In jpvert/apg: Optimization with accelerated proximal gradient

Introduction

APG is a simple package to minimize functions of the form $$ \min_{x \in \mathbb{R}^p} \,\,f(x) = g(x) + h(x)\,, $$ where

$g$ is convex and differentiable (i.e., smooth),
$h$ is convex but not necessarily differentiable.

Such functions are common in high-dimensional statistical inference, where $g(x)$ typically represents the risk of a model $x$ (squared error, negative log-likelihood) and $h(x)$ a penalty to promote a particular structure on $x$ (such as the $\ell_1$ norm to make it sparse, or the trace norm to make it low-rank if it is a matrix).

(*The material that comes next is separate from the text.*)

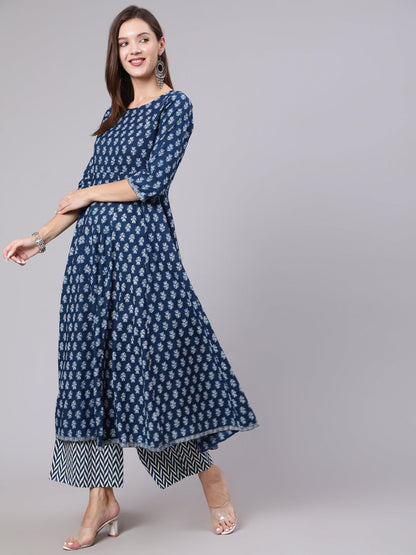 Cotton Calf Length Printed Flared 3/4 Sleeve Round Neck Kurta Bottom Dupatta Set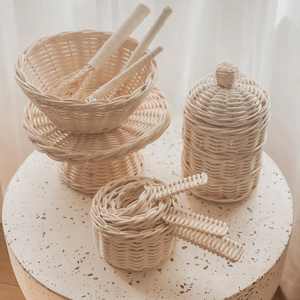 Ensemble de cuisine en rotin pour enfants, ustensiles de cuisine factices à prix avantageux, pour jeux imaginatifs des tout-petits - Product Image 4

To solve this problem, apg implements an accelerated proximal gradient (APG) method, which offers a good compromise in terms of simplicity and performance. APG is a first-order method only requires

the gradient of $g$, namely $\nabla g (x)$
the proximal operator of $h$, namely $prox_h(x,t) = argmin_v (th(v) + 1/2 ||x-v||^2)$

APG is therefore interesting when the proximal operator of $h$ can be easily computed. This is for example the case for the $\ell_1$ norm, whose proximal operator is the soft-thresholding operator.

The apg package is not supposed to be particularly efficient, because it is implemented in pure R. The benefit is that it can be easily manipulated and adapted to particular functions $g$ and $h$, by simply defining their gradient and proximal operators as R functions. It can be a useful tool for prototyping your algorithm, or solving small- to medium-scale problems.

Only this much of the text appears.